Study to Compare the Safety and Tolerability of Sativex® in Patients With Cancer Related Pain

Condition(s) targeted: Palliative Care; Pain; Cancer

Intervention: Sativex® (Drug); GW-2000-02 (Drug)

Phase: Phase 3

Status: Completed

Sponsored by: GW Pharmaceuticals Ltd.

Official(s) and/or principal investigator(s):
Jeremy R Johnson, MB ChB, Principal Investigator, Affiliation: Shropshire and Mid-Wales Hospice

The purpose of this study is to assess the safety and tolerability of long term therapy with Sativex® and GW-2000-02.

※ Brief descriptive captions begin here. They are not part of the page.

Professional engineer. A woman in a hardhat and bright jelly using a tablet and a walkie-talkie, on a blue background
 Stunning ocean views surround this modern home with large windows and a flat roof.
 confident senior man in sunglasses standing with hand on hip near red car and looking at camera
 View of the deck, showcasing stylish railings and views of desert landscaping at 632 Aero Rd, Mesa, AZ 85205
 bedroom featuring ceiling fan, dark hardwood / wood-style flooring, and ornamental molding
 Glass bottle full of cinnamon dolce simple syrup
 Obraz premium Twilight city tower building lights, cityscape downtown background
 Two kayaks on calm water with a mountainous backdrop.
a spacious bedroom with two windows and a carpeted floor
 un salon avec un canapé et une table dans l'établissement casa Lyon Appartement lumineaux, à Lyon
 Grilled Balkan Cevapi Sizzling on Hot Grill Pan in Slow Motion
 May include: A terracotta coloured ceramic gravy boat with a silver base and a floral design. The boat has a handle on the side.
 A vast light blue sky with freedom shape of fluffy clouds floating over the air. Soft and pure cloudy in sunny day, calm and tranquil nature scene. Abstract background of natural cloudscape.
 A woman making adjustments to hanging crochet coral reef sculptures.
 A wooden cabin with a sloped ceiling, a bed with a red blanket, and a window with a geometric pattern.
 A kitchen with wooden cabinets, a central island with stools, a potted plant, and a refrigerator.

Official title: An Open-Label, Extension Study, to Investigate the Long-Term Safety and Tolerability of Cannabis Based Medicine (CBM) Extracts in Patients With Cancer-Related Pain.

Study design: Supportive Care, Non-Randomized, Open Label, Uncontrolled, Single Group Assignment, Safety Study

Primary outcome: Assessment of long term safety and tolerability of Sativex and GW-2000-02 in subjects with cancer related pain by monitoring the number, frequency and type of adverse events reported by subjects.

Secondary outcome:

Laboratory parameters pre and post-treatment

Use of rescue medication

Use of maintenance analgesic medication

Pain severity 0-10 NRS

Health 0-10 NRS

EORTC quality of life questionnaire

Brief Pain Inventory Short Form

Detailed description: Subjects who have previously participated in GWCA0101, a two week (two days baseline and two weeks treatment period), multicentre, double blind, randomised, placebo controlled, parallel group study to evaluate the efficacy of Sativex® and GW-2000-02 in subjects with cancer-related pain are screened, and if eligible begin dosing with open-label Sativex®. They are allowed to self-titrate their study medication to symptom resolution or maximum tolerated/allowable dose of 130 mg THC and 120 mg CBD and have the opportunity to request a change from Sativex® to GW-2000-02 if they or the investigator consider their response less than optimal. Subjects are reviewed for tolerability and evidence of clinical benefit at 7-10 days after Visit 1 and then every four weeks. Continuation within the study is conditional on satisfactory reports of tolerability, efficacy and dosing regime.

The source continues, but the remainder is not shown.